*SOURCE INFORMATION*.
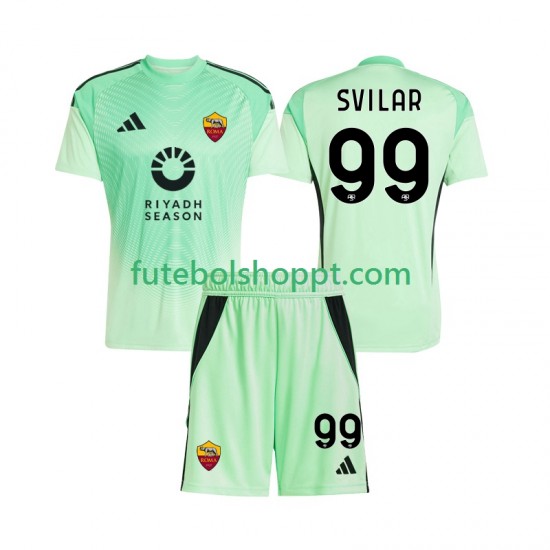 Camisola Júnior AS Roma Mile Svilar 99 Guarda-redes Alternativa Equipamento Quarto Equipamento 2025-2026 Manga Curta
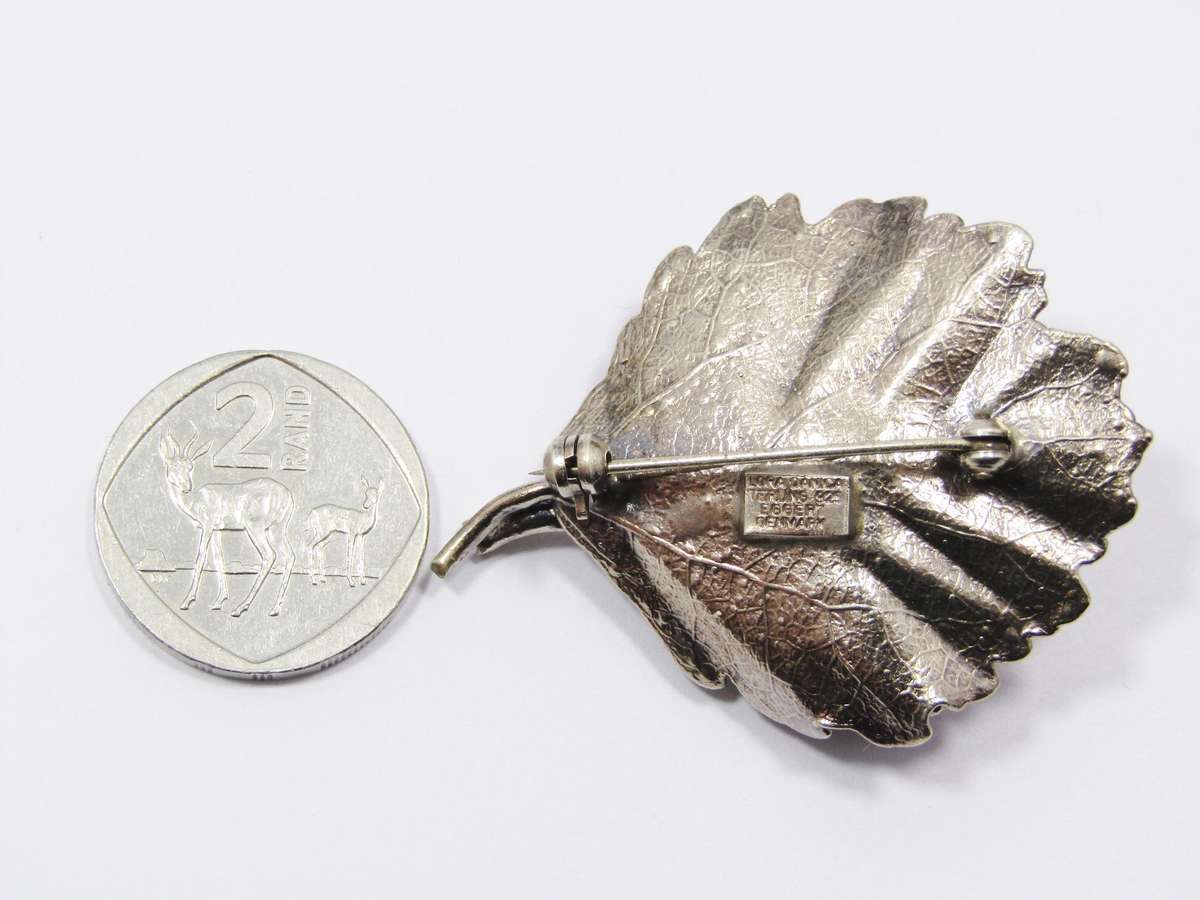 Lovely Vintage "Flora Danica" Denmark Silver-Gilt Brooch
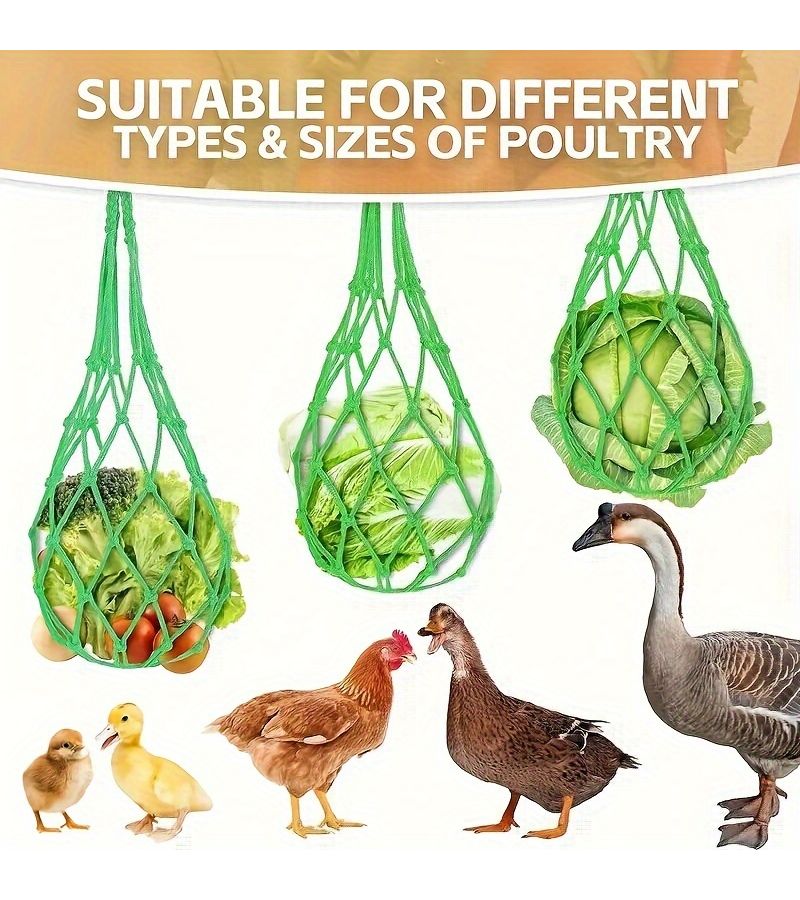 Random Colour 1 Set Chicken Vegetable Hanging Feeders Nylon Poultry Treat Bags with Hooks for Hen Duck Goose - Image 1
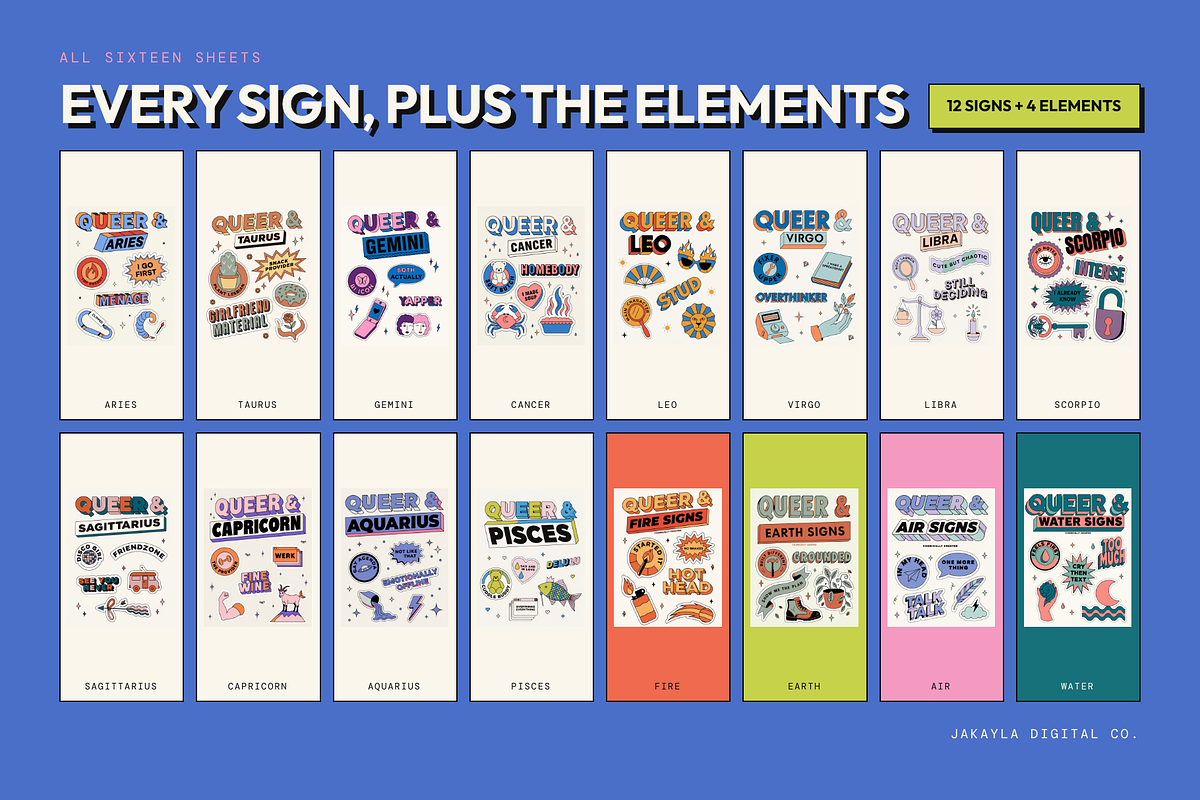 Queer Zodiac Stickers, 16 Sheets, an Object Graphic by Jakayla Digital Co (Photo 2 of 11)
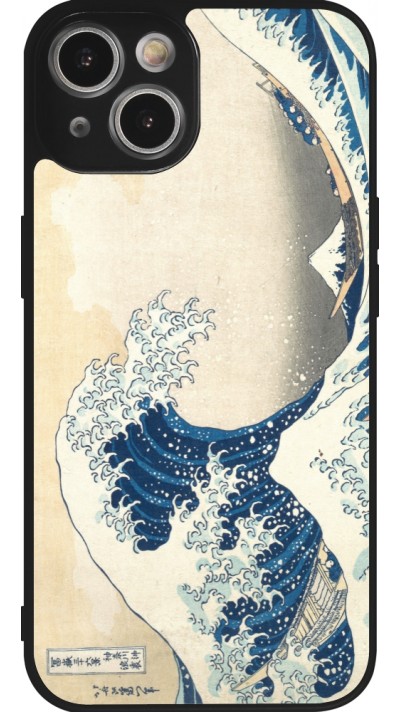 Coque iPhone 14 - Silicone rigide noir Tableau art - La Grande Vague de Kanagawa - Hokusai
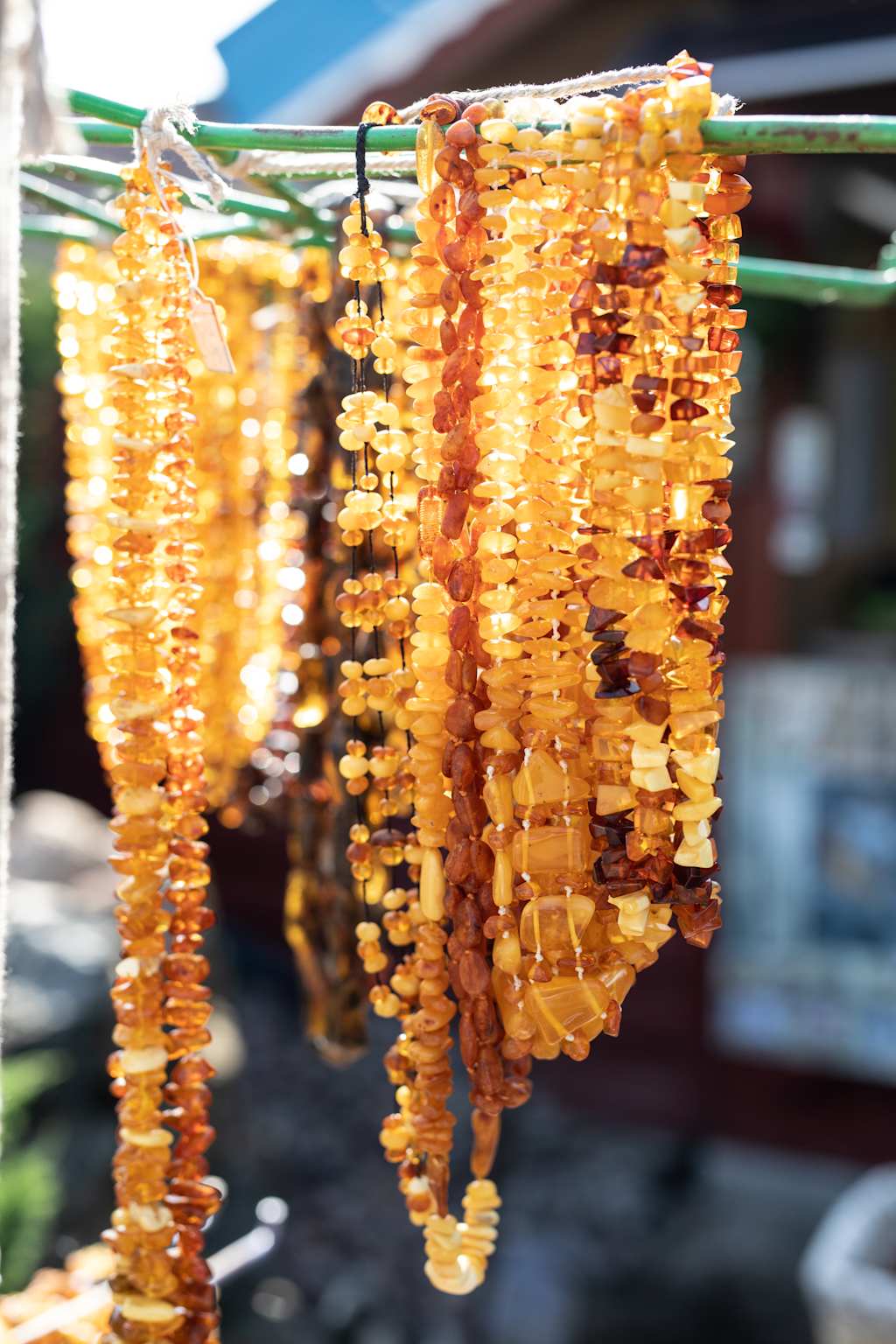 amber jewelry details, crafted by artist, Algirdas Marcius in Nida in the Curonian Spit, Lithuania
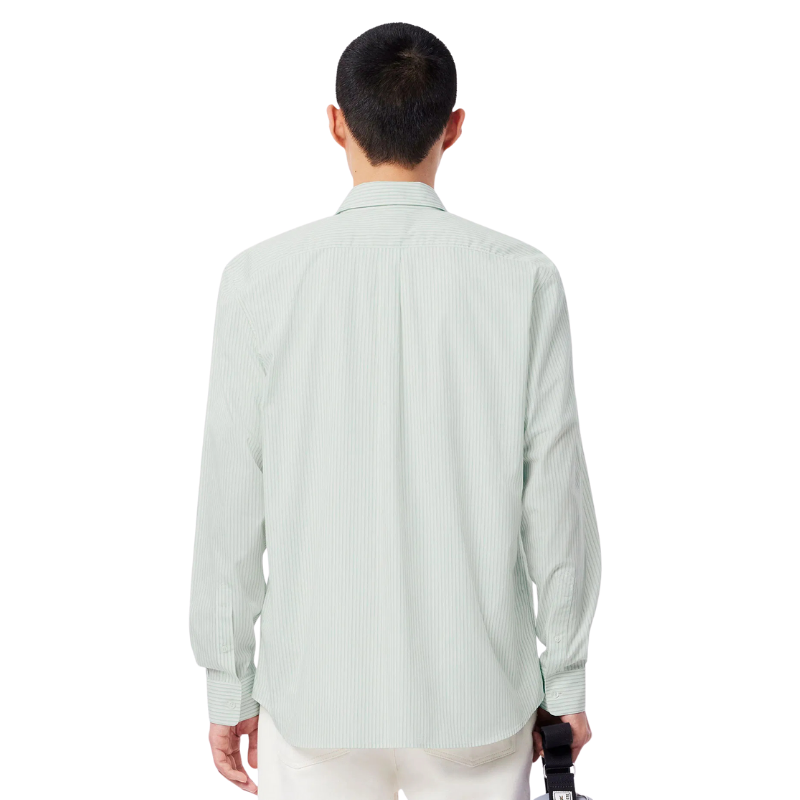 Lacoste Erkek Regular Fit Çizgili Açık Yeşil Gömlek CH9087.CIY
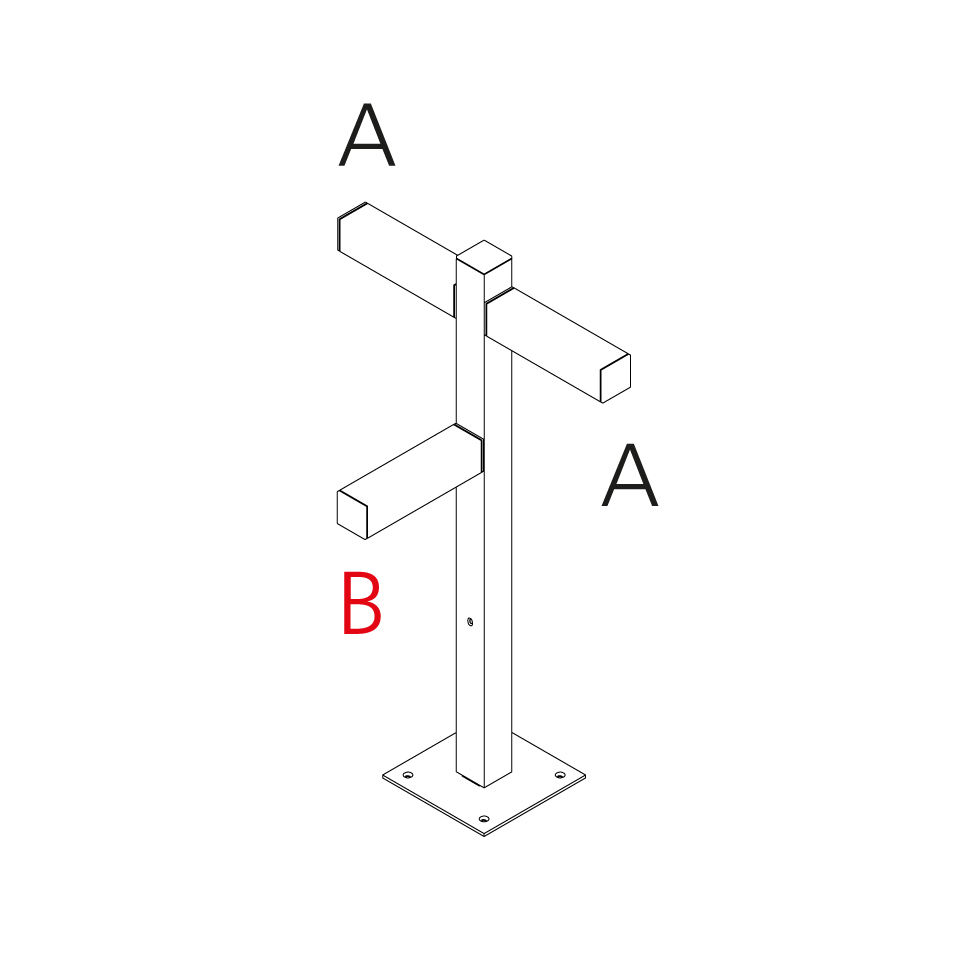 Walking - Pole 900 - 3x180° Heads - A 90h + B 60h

*WHAT THE EXERCISE ASKS*.
The expected output is the exact run of lines from the first line of the material above through the line that contains "Queer Zodiac Stickers, 16", minus any pictures.

*RESPONSE*.
 Camisola Júnior AS Roma Mile Svilar 99 Guarda-redes Alternativa Equipamento Quarto Equipamento 2025-2026 Manga Curta
 Lovely Vintage "Flora Danica" Denmark Silver-Gilt Brooch
 Random Colour 1 Set Chicken Vegetable Hanging Feeders Nylon Poultry Treat Bags with Hooks for Hen Duck Goose - Image 1
 Queer Zodiac Stickers, 16 Sheets, an Object Graphic by Jakayla Digital Co (Photo 2 of 11)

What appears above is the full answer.